5. En deuxième lieu, aux termes de l'article L. 61 du livre des procédures fiscales figurant en section IV " Procédures de rectification ", chapitre 1 " Procédure de redressement contradictoire " de ce livre : " Après l'établissement du rôle ou l'émission de l'avis de mise en recouvrement, le contribuable conserve le droit de présenter une réclamation conformément à l'article L. 190. ". Aux termes de l'article L. 253 du même livre : " Un avis d'imposition est adressé sous pli fermé à tout contribuable inscrit au rôle des impôts directs ou, pour les redevables de l'impôt de solidarité sur la fortune relevant des dispositions du 2 du I de l'article 885 W du code général des impôts, au rôle de cet impôt, dans les conditions prévues aux articles 1658 à 1659 A du même code. / L'avis d'imposition mentionne le total par nature d'impôt des sommes à acquitter, les conditions d'exigibilité, la date de mise en recouvrement et la date limite de paiement (...) ". En vertu du premier alinéa de l'article L. 256 du même livre : " Un avis de mise en recouvrement est adressé par le comptable public compétent à tout redevable des sommes, droits, taxes et redevances de toute nature dont le recouvrement lui incombe lorsque le paiement n'a pas été effectué à la date d'exigibilité ". Enfin aux termes de l'article 1658 du code général des impôts, dans sa version alors applicable : " Les impôts directs et les taxes y assimilées sont recouvrés en vertu de rôles rendus exécutoires par arrêté du préfet ou d'avis de mise en recouvrement. / Pour l'application de la procédure de recouvrement par voie de rôle prévue au premier alinéa, le représentant de l'Etat dans le département peut déléguer ses pouvoirs aux agents de catégorie A placés sous l'autorité des directeurs départementaux des finances publiques ou des responsables de services à compétence nationale, détenant au moins un grade fixé par décret en Conseil d'Etat. La publicité de ces délégations est assurée par la publication des arrêtés de délégation au recueil des actes administratifs de la préfecture. ".

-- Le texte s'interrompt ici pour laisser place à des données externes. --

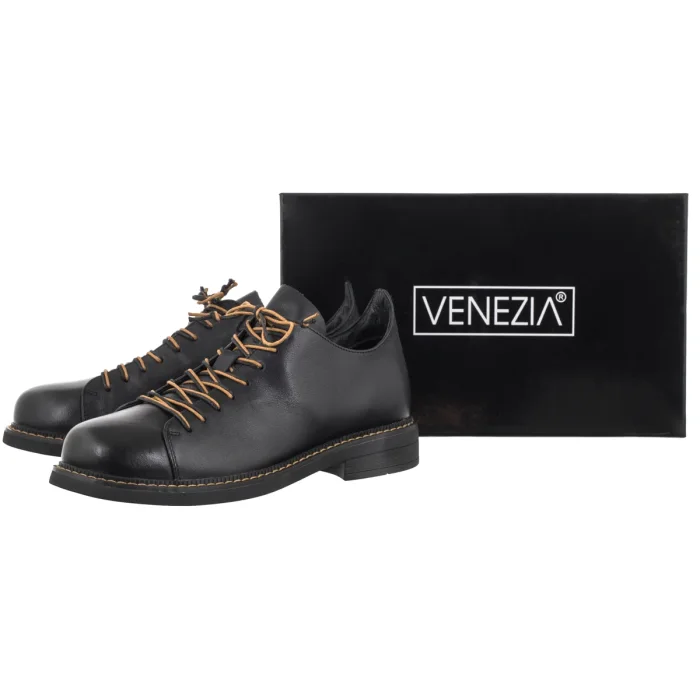 Półbuty Venezia Czarne V442-07726-01BLA – zdjęcie 6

6. Si l'article 55 de la loi du 29 décembre 2010 portant loi de finances rectificative pour 2010 a complété l'article 1658 du code général des impôts en y ajoutant le membre de phrase " ou d'avis de mise en recouvrement ", il ne résulte pas de ces dispositions, éclairées par les travaux parlementaires et qui doivent être combinées avec les dispositions précitées de l'article L. 61 du livre des procédures fiscales, que le législateur aurait ainsi entendu faire obligation à l'administration, à peine d'irrégularité, d'émettre un avis de mise en recouvrement lorsqu'elle souhaite établir et recouvrer des impositions supplémentaires en matière d'impôt sur le revenu. La circonstance que l'imposition supplémentaire soit consécutive à la vérification de comptabilité de la SEP KJD 59 réalisée en Guadeloupe et le fait que la proposition de rectification adressée à M. C... provienne de la direction départementale des finances publiques de Guadeloupe n'implique pas davantage d'obligation pour l'administration de procéder par avis de mise en recouvrement et non par voie de rôle.

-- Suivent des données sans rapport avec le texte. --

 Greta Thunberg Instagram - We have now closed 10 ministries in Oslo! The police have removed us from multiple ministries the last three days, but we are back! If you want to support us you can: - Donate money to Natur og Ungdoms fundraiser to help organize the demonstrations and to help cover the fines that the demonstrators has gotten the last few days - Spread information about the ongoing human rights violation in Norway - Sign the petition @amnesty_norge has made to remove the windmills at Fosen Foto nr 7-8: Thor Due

7. En troisième lieu, M. et Mme C... invoquent l'instruction publiée au bulletin officiel des impôts sous la référence BOI-REC-PREA-10-10-10 du 12 septembre 2012. Cette instruction relative aux modalités de mise en recouvrement des impositions ne constitue pas une interprétation de la loi fiscale invocable en application de l'article L. 80 A du livre des procédures fiscales. Ce moyen est donc inopérant au regard du présent litige d'assiette.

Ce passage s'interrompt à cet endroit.